Lake Oswego High School students take to the water

Gianna La Fond, Staffer

As spring continues, the rowing competition season gears up for amazing regattas all summer long. Although the sport is not done through a high school team, many LOHS students participate in club teams around the area. From Lake Oswego Community Rowing to Rose City Rowing Club these athletes are some of the toughest. Not only is crew an extremely difficult sport but it requires precise technique.

Following a long winter full of dryland and erging (using a land rowing machine), regatta season is now in full swing. Most practices are held on the Willamette river, however, regattas are held all over and nationals were even held in Florida. Junior Owen Benicosa who placed third in the nation last year talked about how the competition works “at nationals they split it into the top six times and then race the semi-finals and finals;” however, he states that it was all worth it, “I just enjoy the races a lot, it’s definitely very hard but the feeling at the end of it is the best.”
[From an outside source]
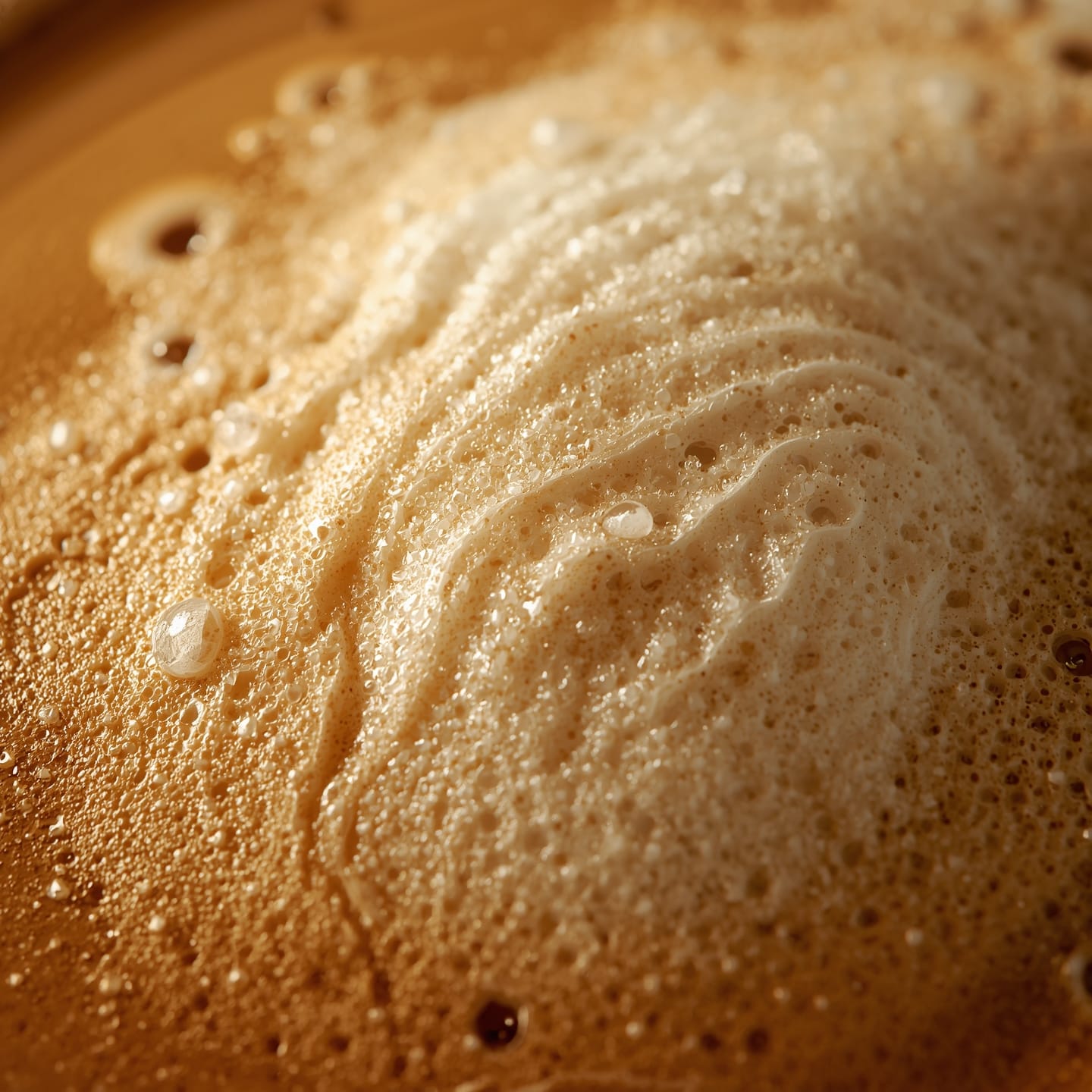 Kahve Coffee القهوة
Although rowing isn’t done through LOHS, students still get varsity letters for their hard work. Junior Katie Gellatly a rower for LOCR highlights this process, “you typically get it after competing on novice and then completing a full year of varsity.” The varsity letter is just an added bonus for Gellatly. For them their favorite part is competing at regattas and “being a part of such a tight night community.” Since crew is a lesser known sport she loves “seeing how big the community can really get.”

Although rowing may not be every student’s sport, the community that is created revolving around it in Lake Oswego is something not to be overlooked.